Segment Start: RECORDS TO USE

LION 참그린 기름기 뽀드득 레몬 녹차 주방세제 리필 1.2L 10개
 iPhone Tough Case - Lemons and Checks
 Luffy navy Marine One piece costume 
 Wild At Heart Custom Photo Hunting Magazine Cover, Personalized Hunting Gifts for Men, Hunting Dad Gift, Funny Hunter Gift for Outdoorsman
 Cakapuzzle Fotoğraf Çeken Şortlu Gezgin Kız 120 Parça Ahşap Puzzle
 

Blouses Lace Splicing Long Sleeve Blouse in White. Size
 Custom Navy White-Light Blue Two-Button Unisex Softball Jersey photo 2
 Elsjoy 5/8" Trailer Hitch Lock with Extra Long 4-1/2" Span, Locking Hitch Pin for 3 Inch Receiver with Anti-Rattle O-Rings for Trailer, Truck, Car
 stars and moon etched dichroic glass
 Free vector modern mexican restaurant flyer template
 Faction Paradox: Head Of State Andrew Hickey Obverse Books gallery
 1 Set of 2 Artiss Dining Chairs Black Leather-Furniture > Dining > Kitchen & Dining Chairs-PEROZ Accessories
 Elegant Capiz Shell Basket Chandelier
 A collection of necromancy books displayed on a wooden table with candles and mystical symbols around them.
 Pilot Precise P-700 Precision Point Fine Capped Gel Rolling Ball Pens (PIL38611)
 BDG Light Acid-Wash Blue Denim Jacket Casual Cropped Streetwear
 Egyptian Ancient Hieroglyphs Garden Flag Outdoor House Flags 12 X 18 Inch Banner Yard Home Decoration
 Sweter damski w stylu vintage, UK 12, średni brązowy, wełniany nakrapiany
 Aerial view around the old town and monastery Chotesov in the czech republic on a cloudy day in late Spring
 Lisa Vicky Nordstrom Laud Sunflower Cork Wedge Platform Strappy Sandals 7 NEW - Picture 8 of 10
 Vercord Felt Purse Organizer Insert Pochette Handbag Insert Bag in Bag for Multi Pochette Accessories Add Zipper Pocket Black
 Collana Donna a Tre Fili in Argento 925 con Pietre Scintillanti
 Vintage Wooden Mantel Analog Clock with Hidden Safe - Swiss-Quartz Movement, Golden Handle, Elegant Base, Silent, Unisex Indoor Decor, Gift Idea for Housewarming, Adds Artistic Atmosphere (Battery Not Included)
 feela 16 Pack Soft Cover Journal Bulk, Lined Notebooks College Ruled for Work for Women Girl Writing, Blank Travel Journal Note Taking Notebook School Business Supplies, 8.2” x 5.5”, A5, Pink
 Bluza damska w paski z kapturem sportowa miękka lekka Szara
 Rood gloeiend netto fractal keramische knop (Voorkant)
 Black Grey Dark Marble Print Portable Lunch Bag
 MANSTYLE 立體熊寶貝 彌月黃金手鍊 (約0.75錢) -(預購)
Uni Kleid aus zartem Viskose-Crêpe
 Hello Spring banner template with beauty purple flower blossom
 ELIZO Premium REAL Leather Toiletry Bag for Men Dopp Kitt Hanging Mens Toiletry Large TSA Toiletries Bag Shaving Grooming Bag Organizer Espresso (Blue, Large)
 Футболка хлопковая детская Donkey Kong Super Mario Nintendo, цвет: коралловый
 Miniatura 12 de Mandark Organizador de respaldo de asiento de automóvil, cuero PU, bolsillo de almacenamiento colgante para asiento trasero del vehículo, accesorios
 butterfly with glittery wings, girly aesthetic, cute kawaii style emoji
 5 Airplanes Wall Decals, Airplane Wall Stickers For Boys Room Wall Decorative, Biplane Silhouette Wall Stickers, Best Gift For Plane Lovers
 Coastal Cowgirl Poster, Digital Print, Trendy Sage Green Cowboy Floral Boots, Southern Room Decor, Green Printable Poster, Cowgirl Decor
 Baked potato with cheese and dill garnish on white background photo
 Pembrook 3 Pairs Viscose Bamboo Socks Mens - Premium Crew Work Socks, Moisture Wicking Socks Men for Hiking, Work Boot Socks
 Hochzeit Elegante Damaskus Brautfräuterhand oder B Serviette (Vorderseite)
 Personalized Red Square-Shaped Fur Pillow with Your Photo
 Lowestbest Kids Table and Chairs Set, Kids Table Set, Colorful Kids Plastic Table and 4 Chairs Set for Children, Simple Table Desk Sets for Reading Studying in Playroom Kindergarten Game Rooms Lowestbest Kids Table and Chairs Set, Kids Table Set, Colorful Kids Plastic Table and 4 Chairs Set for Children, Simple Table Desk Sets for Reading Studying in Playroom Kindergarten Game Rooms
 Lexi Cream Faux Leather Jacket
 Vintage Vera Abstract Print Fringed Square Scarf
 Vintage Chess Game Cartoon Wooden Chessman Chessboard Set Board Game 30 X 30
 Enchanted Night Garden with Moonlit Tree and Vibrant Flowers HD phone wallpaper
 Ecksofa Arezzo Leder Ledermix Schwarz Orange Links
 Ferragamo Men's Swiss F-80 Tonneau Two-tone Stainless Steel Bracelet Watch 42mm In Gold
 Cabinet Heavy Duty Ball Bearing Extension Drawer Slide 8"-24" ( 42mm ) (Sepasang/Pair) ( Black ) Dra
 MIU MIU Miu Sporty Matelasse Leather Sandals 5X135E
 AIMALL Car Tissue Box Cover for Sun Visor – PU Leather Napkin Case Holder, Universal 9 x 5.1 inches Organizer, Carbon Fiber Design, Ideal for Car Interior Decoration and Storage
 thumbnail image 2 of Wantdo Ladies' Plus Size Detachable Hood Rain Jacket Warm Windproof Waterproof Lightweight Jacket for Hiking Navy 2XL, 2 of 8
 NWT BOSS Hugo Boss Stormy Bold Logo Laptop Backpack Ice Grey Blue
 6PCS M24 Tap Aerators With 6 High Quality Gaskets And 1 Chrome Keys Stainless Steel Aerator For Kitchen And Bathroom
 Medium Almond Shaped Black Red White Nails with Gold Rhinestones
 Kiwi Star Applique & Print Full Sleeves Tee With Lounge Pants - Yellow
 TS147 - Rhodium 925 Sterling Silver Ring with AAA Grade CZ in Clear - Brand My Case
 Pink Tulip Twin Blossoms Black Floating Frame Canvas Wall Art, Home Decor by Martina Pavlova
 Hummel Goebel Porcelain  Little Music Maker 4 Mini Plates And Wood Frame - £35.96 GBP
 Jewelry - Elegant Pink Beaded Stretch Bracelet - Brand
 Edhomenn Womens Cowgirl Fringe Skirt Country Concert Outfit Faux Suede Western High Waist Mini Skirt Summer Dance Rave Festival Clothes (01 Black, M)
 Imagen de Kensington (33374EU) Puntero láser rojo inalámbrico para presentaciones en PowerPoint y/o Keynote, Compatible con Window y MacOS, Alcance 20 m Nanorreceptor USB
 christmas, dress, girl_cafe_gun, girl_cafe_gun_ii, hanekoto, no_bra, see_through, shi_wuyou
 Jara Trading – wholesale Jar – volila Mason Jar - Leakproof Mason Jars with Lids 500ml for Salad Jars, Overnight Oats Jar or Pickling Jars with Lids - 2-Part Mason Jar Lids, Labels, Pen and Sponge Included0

Segment End: RECORDS TO USE

_TASK TO CARRY OUT_
Above are the records; copy exactly the lines from the line with "Game Rooms Lowestbest" through the line with "AIMALL Car Tissue", both included.

_YOUR RESPONSE_
 Lowestbest Kids Table and Chairs Set, Kids Table Set, Colorful Kids Plastic Table and 4 Chairs Set for Children, Simple Table Desk Sets for Reading Studying in Playroom Kindergarten Game Rooms Lowestbest Kids Table and Chairs Set, Kids Table Set, Colorful Kids Plastic Table and 4 Chairs Set for Children, Simple Table Desk Sets for Reading Studying in Playroom Kindergarten Game Rooms
 Lexi Cream Faux Leather Jacket
 Vintage Vera Abstract Print Fringed Square Scarf
 Vintage Chess Game Cartoon Wooden Chessman Chessboard Set Board Game 30 X 30
 Enchanted Night Garden with Moonlit Tree and Vibrant Flowers HD phone wallpaper
 Ecksofa Arezzo Leder Ledermix Schwarz Orange Links
 Ferragamo Men's Swiss F-80 Tonneau Two-tone Stainless Steel Bracelet Watch 42mm In Gold
 Cabinet Heavy Duty Ball Bearing Extension Drawer Slide 8"-24" ( 42mm ) (Sepasang/Pair) ( Black ) Dra
 MIU MIU Miu Sporty Matelasse Leather Sandals 5X135E
 AIMALL Car Tissue Box Cover for Sun Visor – PU Leather Napkin Case Holder, Universal 9 x 5.1 inches Organizer, Carbon Fiber Design, Ideal for Car Interior Decoration and Storage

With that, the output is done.